Issue 9 focused on Navigation; Issue 10 is the Powering Up issue. How do you decide on the themes and the stories that follow?
Not surprisingly, it’s a bit of an informal system. We’re always brainstorming and collecting possible themes – among our staff, from our contributors, and from our day-to-day research, both online and off. Top priority goes to themes that push us in new directions. From there, the majority of our stories now come from pitches from our 300 contributors across 80 countries. Our job is to tie the thread through the issue. In Navigation, for example, we had to ask ourselves, “How do blind subway hawkers in Mumbai connect to the guy in Oregon stitching his own spacesuit and to the man digging tunnels from Egypt to Gaza?”
You have a staff of 15 across six countries. Where is most of the team based, and, since most are freelancers/volunteers, what are some of their day jobs/fields?

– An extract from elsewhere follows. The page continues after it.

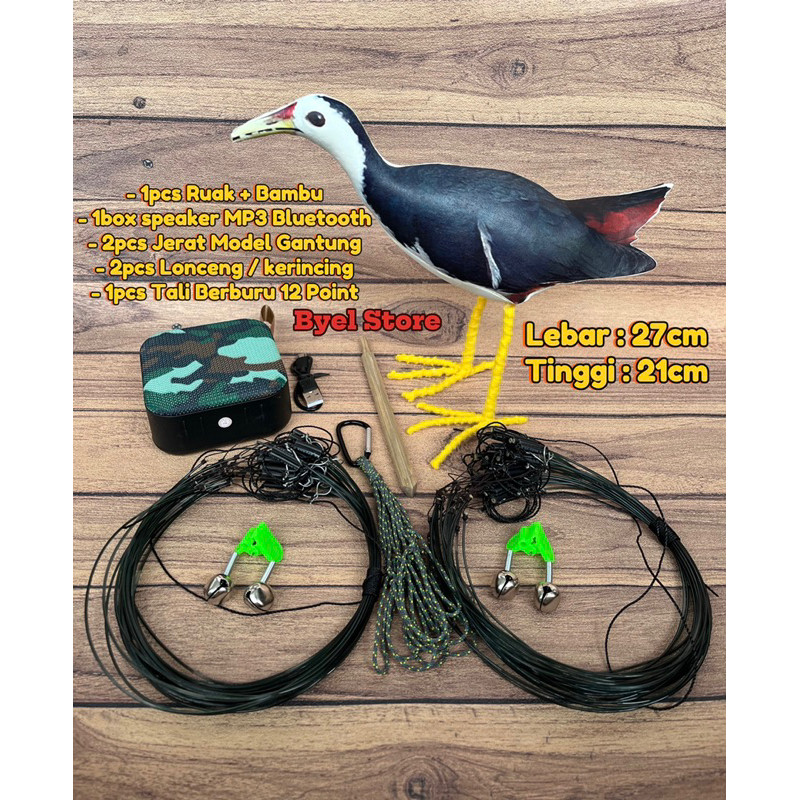 Fullset Alat Jerat Patung Burung Ruak Ruak MP3+Lonceng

We are a scattered bunch. I live in Mexico City, where my “day job” is that of a freelance journalist and documentary producer. Our New York members run a hackerspace, write stories for a business publication, shoot videos, and work for an investment management firm. Our design team is in Madrid, and other editors and advisors are based in Athens, Beirut, Nairobi, Kuala Lumpur and Bangkok. It’s a pleasantly diverse squad.
Makeshift is currently in its third year. What lessons have you learnt about running a magazine in this time?
Well, we’ve certainly taught ourselves to run a magazine differently from the traditional model. Though the Internet may have spoiled the glory days of the big-budget print magazine, changes force innovation. We’ve learned how to be disciplined and efficient in collaborating remotely, saving a ton of overhead and allowing our team to stay global. This new era has created a breed of magazines hyper-focused on their topics and passionate about what they cover. Though niche publications come with downsides in terms of mass marketability, they lend an opportunity to bring readers into your passion and craft. It’s also allowed us to bring in some amazing partners, like Openbox and GE, who are extremely supportive of our mission.
What do you hope Makeshift brings to the newsstand?
A “wow” feel. On one hand, perhaps the mild shock that a well-designed magazine about creativity in shadow economies exists in the first place! More importantly though, surprise at the level of ingenuity that we dig up, from all corners of the world. And third, that we bring many positive stories about impressive people in places where we don’t tend to hear a lot of good news.
What other magazines are you a fan of?
Of the mainstream mags, Harper’s remains a favourite for long-form inspiration, though its narrative long fiction has been lacking a bit lately. I try to pick up Surfer’s Journal whenever I can, same with Colors. I love the design aesthetic of both – the eclectic worldview of Colors, and the highly specialised, surf subculture obsession of TSJ. Offscreen has been a huge inspiration to us, as have those in the Indie Publisher Club. In Mexico, Emeequis uncovers interesting stories, and Gatopardo has some really solid design elements and a few good features each issue.
Lastly, what kind of effect do you hope your stories on the economic fringe will have on your readers?
More than anything, we hope to excite people. Surprising stories, told from surprising angles using a style that is simultaneously clever, respectful and informative. We hope these will inspire readers – in their own creative pursuits or in their daily lives – and we hope we can shed light on some of the amazing making, inventing and hacking that goes on, and give some of the unseen entrepreneurs and hustlers of the world a bit of props.